On 10/7/2010 9:25 PM, Tom H wrote:
On Thu, Oct 7, 2010 at 7:20 PM, David Goldsmith dgoldsmith@sans.org wrote:
Two servers, each have normal user umask values of 0077 and root umask values on 0022.
On the first server (CentOS 5.4 i386) running sudo 1.6.9pl7-5 (from base), here are the results of touching a file as a user, as root and as a user sudoing to root:
user: touch file - result is 600 root: touch file - result is 644 user: sudo touch file - result is 644
On the second server (CentOS x86-64) running sudo 1.7.2p1-7 (from updates), here are the results of the same actions:
user: touch file - result is 600 root: touch file - result is 644 user: sudo touch file - result is 600 ** this differs **
On the second system, if I downgrade sudo to the base version, it behaves the same as on the first server, so this appears to be sudo version specific rather than an i386 vs x86-64 difference.
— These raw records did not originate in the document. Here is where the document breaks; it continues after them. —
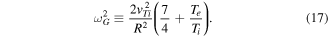 Equation (17)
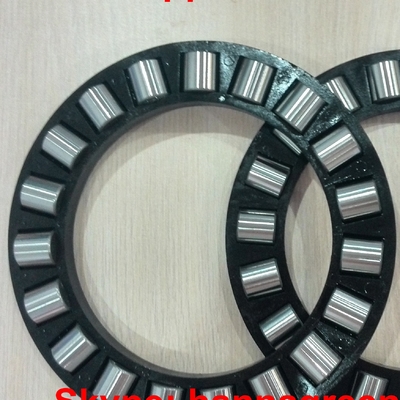 Plastic Cage Thrust Cylindrisch Rollagers, K81226-TV Eenrijzige Thrustlagers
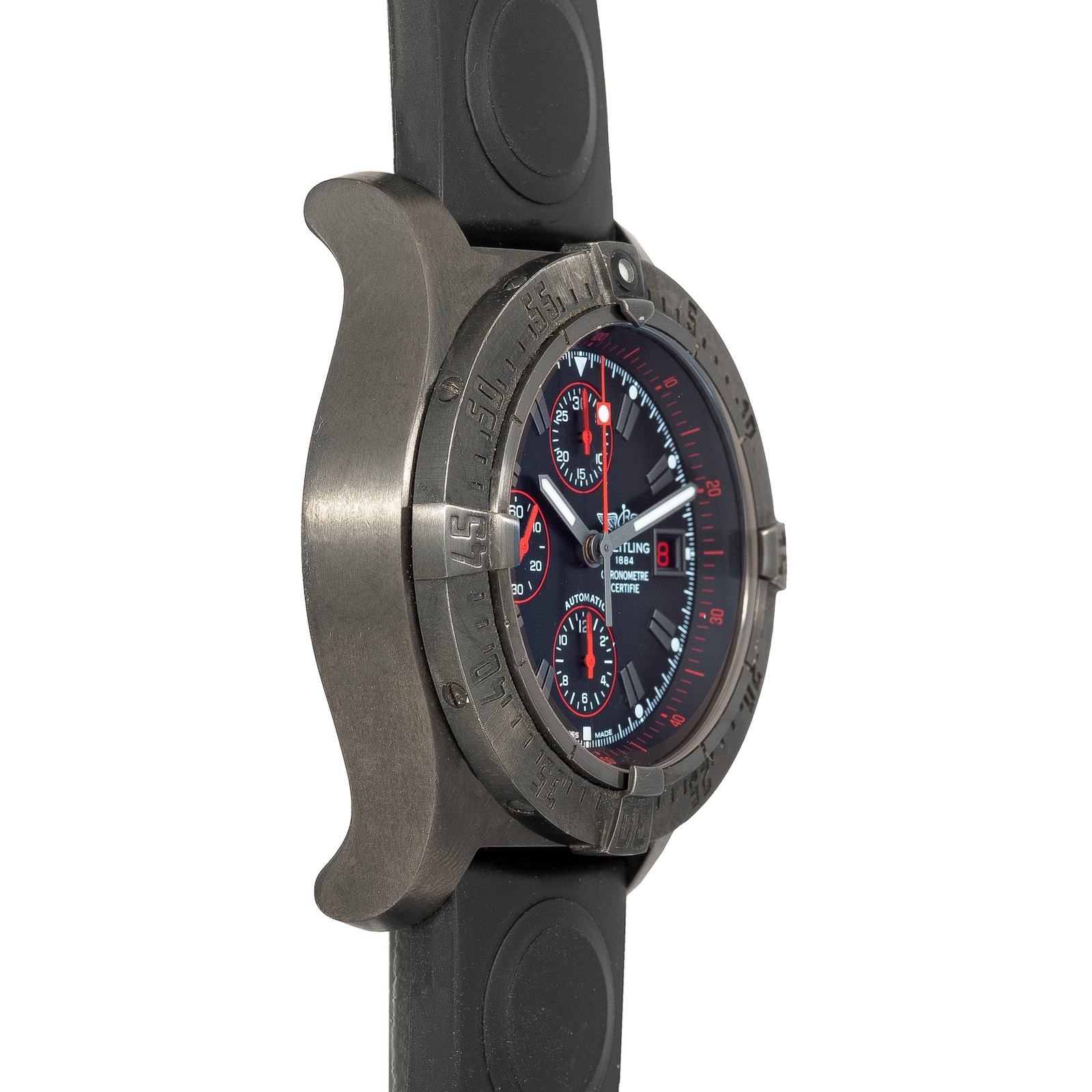 Pre-Owned Breitling Avenger Skyland Limited Edition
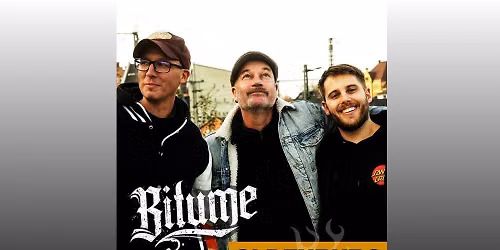 BITUME - Klub 27 - Special Guest: Wick Bambix
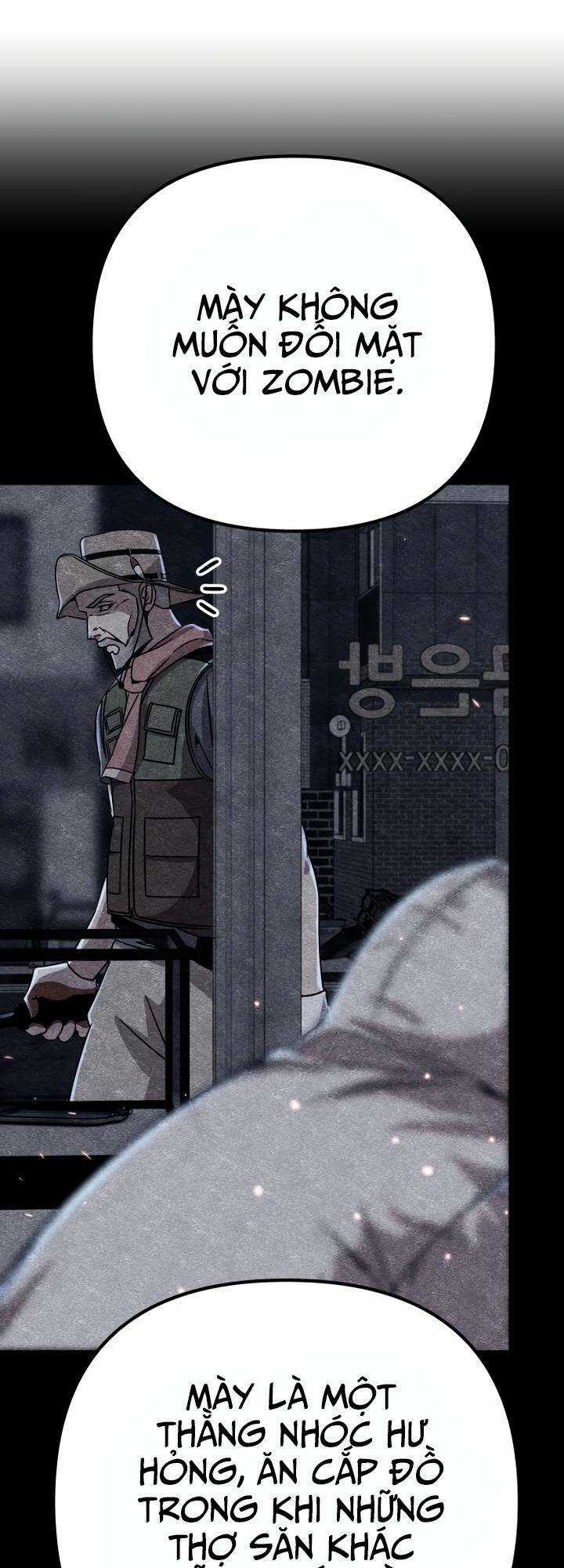 Xác Sống Và Sát Nhân Chapter 7 trang 92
Looking at the changelogs at the package home site, I don't see anything obvious that covers this change:
http://www.courtesan.com/sudo/stable.html#1.7.0 http://www.courtesan.com/sudo/stable.html#1.7.1 http://www.courtesan.com/sudo/stable.html#1.7.2
Does anyone know how to change the behavior with the umask values when using the newer version of sudo?
This is causing us some issues when sudoing to update an SVN working directory used by our Puppet server.
Check for a "umask" variable/line in the two installs' /etc/sudoers file.
"grep -i mask /etc/sudoers" on both servers gets no hits.